Material to process:
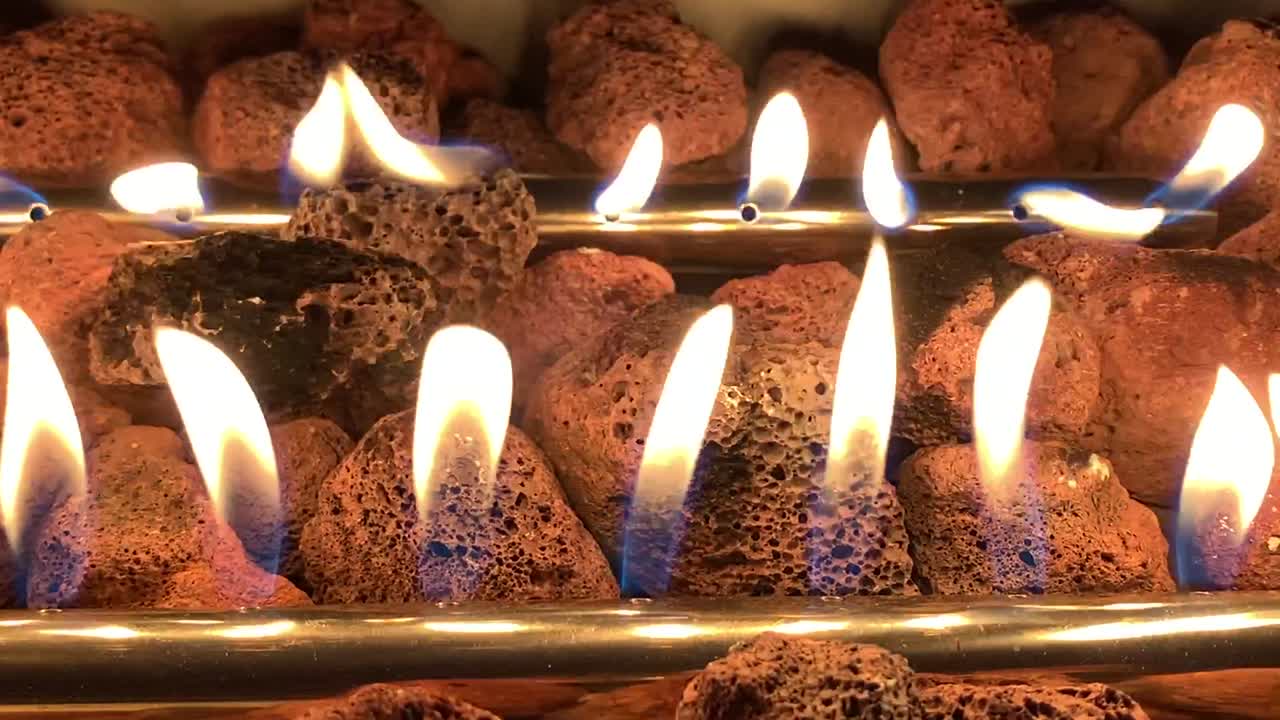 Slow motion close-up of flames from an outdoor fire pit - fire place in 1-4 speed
---
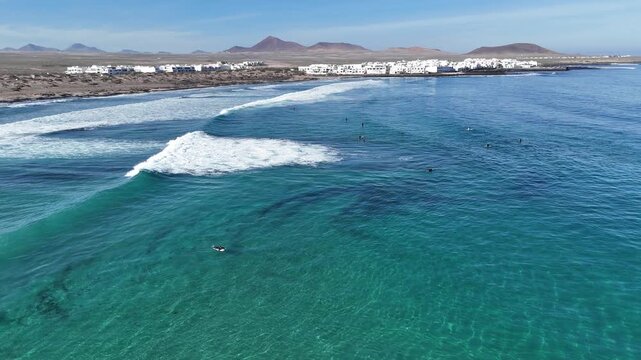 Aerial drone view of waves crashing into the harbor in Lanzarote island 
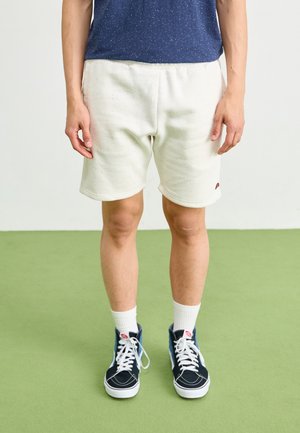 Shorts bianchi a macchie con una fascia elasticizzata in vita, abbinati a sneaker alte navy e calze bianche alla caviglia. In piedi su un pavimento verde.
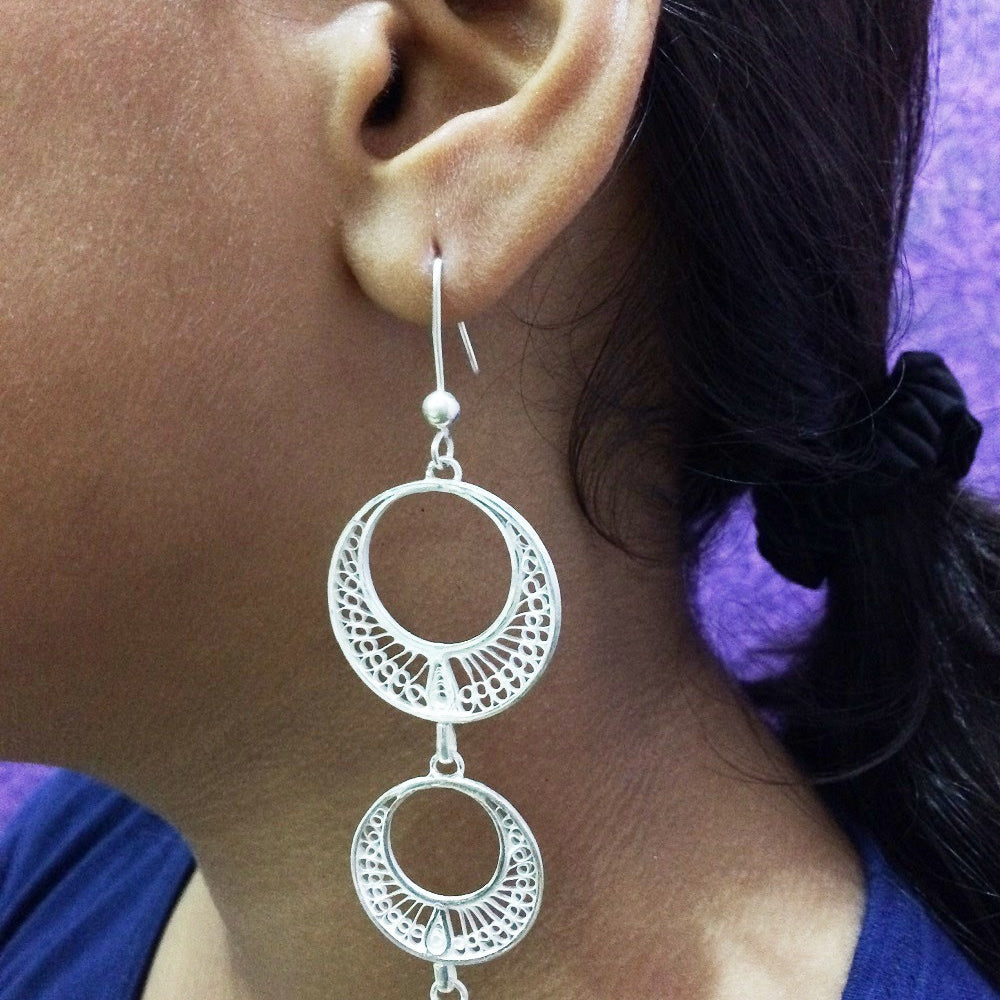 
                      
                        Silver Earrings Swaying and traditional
...
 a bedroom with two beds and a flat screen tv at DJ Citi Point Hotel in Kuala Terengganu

Exercise instructions: Find the line with "Shorts bianchi a" in the data above, and from there retype each line exactly through the line with "Silver Earrings Swaying", skipping the pictures along the way.

Finished exercise:
 Shorts bianchi a macchie con una fascia elasticizzata in vita, abbinati a sneaker alte navy e calze bianche alla caviglia. In piedi su un pavimento verde.
                      
                        Silver Earrings Swaying and traditional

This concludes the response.